Survivors Gather to Mark WWII Tragedy

Saturday will mark sixty years since the U.S.S. Indianapolis went under and the ordeal for the survivors began.

Survivors of one of the final Naval tragedies of World War II gathered this weekend to honor hundreds of crewmates from the USS Indianapolis who were killed when their ship was torpedoed, leaving hundreds of sailors adrift on the Pacific Ocean amid circling sharks.

Just days after delivering key components of the atomic bomb that would be dropped on Hiroshima, the cruiser was struck by two torpedoes from a Japanese submarine in the Philippine Sea on July 30, 1945.

More than four days later, barely a quarter of the crew of 1,197 came out of the water with enough strength to survive.

Go read for the words of those survivors still living, still deserving our honor.

Also, as to honor, this aspect of the story, tucked away at the end, cannot be stressed enough.

Reports of the Indianapolis’ sinking were buried behind the news of the Japanese surrender.

The commander of the Indianapolis, Capt.
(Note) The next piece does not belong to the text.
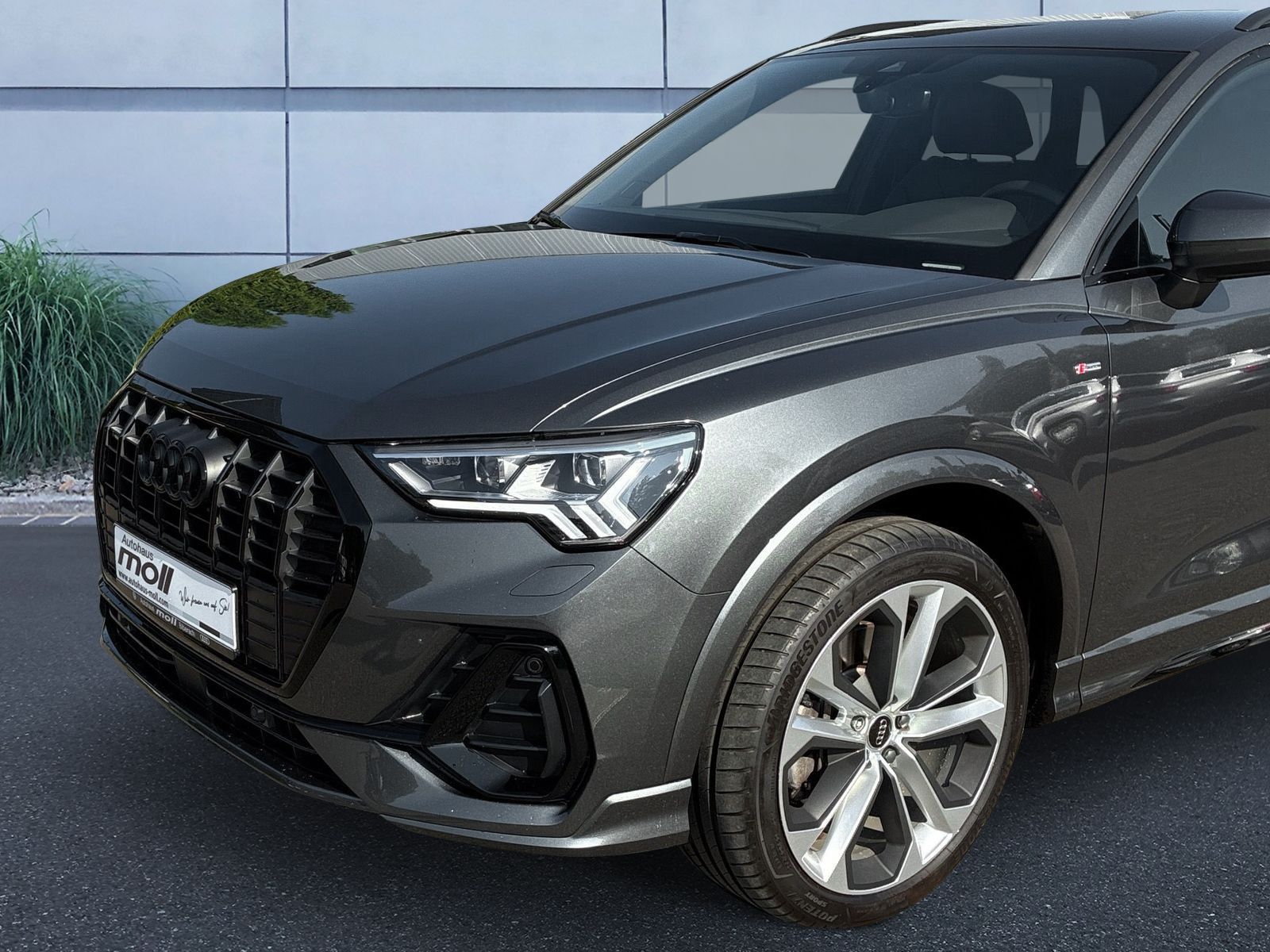Audi Q3 40 TFSI quattro S line - Samsaru's Car Outlet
Charles McVay III, was court-martialed for not sailing a zigzag course to evade submarines. His men believe he was made a scapegoat. In 2000, 32 years after McVay committed suicide, Congress passed an act clearing his name.

Be at peace, sir.

Thanks to Hollywood, and justifiably for once, it is difficult to hear this story without thinking of a moment in a movie. Robert Shaw, speaking as the crusty Quint, captain of the fishing vessel Orca and in the role of a survivor of this historical ordeal, did the actual sailors much justice in the classic film Jaws with the following:

Japanese submarine slammed two torpedoes into her side, Chief. We was comin’ back from the island of Tinian to Leyte. We’d just delivered the bomb. The Hiroshima bomb. Eleven hundred men went into the water. Vessel went down in 12 minutes. Didn’t see the first shark for about a half-hour. Tiger. 13-footer. You know how you know that in the water, Chief? You can tell by lookin’ from the dorsal to the tail. What we didn’t know, was that our bomb mission was so secret, no distress signal had been sent. They didn’t even list us overdue for a week. Very first light, Chief, sharks come cruisin’ by, so we formed ourselves into tight groups. It was sorta like you see in the calendars, you know the infantry squares in the old calendars like the Battle of Waterloo and the idea was the shark come to the nearest man, that man he starts poundin’ and hollerin’ and sometimes that shark he go away… but sometimes he wouldn’t go away. Sometimes that shark looks right at ya. Right into your eyes. And the thing about a shark is he’s got lifeless eyes. Black eyes. Like a doll’s eyes. When he comes at ya, he doesn’t even seem to be livin’… ’til he bites ya, and those black eyes roll over white and then… ah then you hear that terrible high-pitched screamin’. The ocean turns red, and despite all your poundin’ and your hollerin’ those sharks come in and… they rip you to pieces. You know by the end of that first dawn, lost a hundred men. I don’t know how many sharks there were, maybe a thousand. I do know how many men, they averaged six an hour. Thursday mornin’, Chief, I bumped into a friend of mine, Herbie Robinson from Cleveland. Baseball player. Boson’s mate. I thought he was asleep. I reached over to wake him up. He bobbed up, down in the water, he was like a kinda top. Upended. Well, he’d been bitten in half below the waist. At noon on the fifth day, a Lockheed Ventura swung in low and he spotted us, a young pilot, lot younger than Mr. Hooper here, anyway he spotted us and a few hours later a big ol’ fat PBY come down and started to pick us up. You know that was the time I was most frightened. Waitin’ for my turn. I’ll never put on a lifejacket again. So, eleven hundred men went into the water. 316 men come out, the sharks took the rest, June the 29th, 1945. Anyway, we delivered the bomb.

Comments

2 responses to “Survivors Gather to Mark WWII Tragedy”

  1. TF Stern Avatar

    Thanks for reminding me of that incident. While the
    scene from the movie was “scripted”, it is no less as
    valuable as a part of history. Some people have to withness
    events that never leave them at peace, never.

  2. Damian Avatar

    If you haven’t read Doug Stanton’s In Harm’s Way about this tragedy, you should. A collection of errors left those men in the water much longer than they should have been there.